Cuando decimos que algo (o alguien) es «santo», estamos diciendo que pertenece al ámbito de Dios, que Dios se hace allí presente de alguna forma, que a través de ese algo o alguien encontramos a Dios. Jesús es el «Santo» por excelencia, porque él es la presencia y la revelación de Dios en nuestro mundo, que llegará a su punto culminante en la «hora» de su muerte y resurrección.
Entonces se mostrará lo que significa que Dios es Amor, que Dios es Vida, que Dios Salva... y también sabremos cuál es la plenitud y el destino del hombre, al ser totalmente «santificado», lleno de Dios. Es lo que aquí se llama «la Verdad»: santifícalos en la Verdad.
Por eso, cuando Jesús ora pidiendo al Padre Santo que los suyos sean consagrados en la verdad, está pidiendo por una parte que entren en nosotros, hasta el fondo, transformándonos, los valores y criterios del Evangelio y haciéndonos evangelizadores, portadores de Dios... Pero a la vez está rogando para que haya una profunda intimidad personal, una comunión plena con el propio Jesús, que es la Verdad.
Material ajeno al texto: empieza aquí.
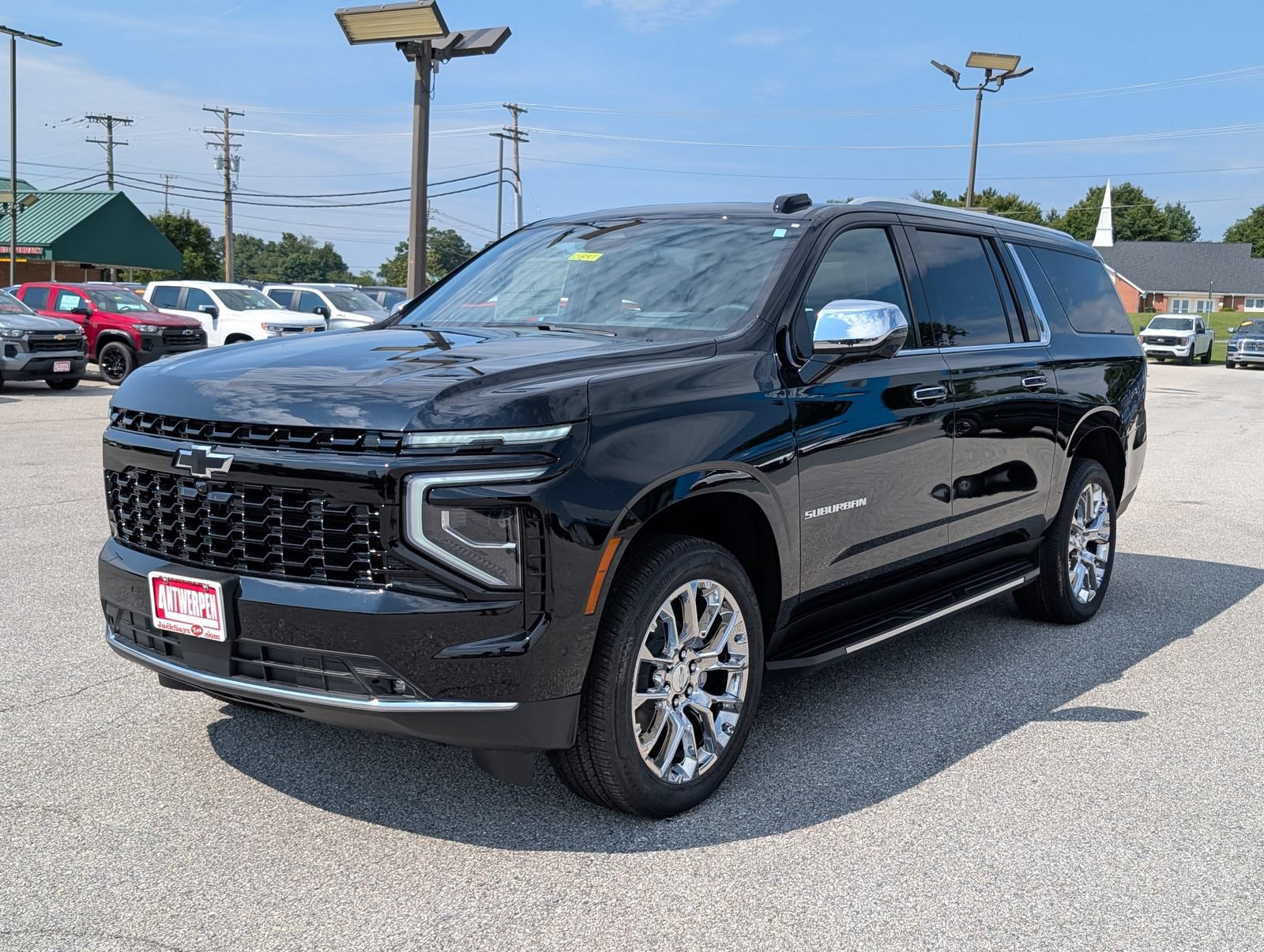 New 2026 Chevrolet Suburban Premier AWD/4WD image 4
Dicho con otras palabras: perteneceremos a Dios, seremos santificados, santos y santificadores, como el mismo Jesús, y mantendremos en nosotros los criterios y valores de Dios... en la medida en que mantengamos la comunión, el Amor de Dios en nosotros (precisamente ese Amor es el Espíritu). Como dice el propio Jesús: Tu «palabra» es verdad (el Evangelio), pero también tu «Palabra» (Jesucristo) es verdad.
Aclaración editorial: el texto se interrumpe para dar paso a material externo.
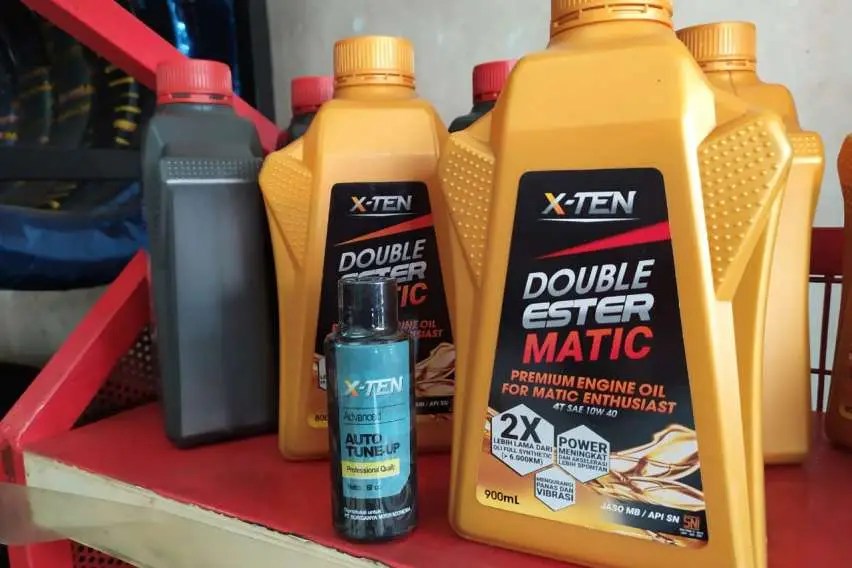 Kelebihan Dan Kekurangan Oli X Ten Matic. Ungkap Keunggulan X-Ten Double Ester Matic, Pelumas Formula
Así entendemos la oración y el deseo de Jesús: «Que sean uno». La intimidad-unidad de Jesús con el Padre Santo le ha resguardado, apoyado y guiado en su tarea en el mundo. Y los que somos enviados por Jesús y en su nombre, sólo saldremos adelante en nuestra misión si mantenemos la unidad con el Padre y el Hijo en el Espíritu... y ¡también la unidad entre nosotros! Mañana lo meditaremos.
Palabras densas, profundas, gozosas... no tanto para pensarlas o razonarlas, cuanto contemplarlas, orarlas, saborearlas despacio, y descubrirlas como claves de nuestro caminar cristiano de santificación. Para que ninguno de nosotros «se pierda».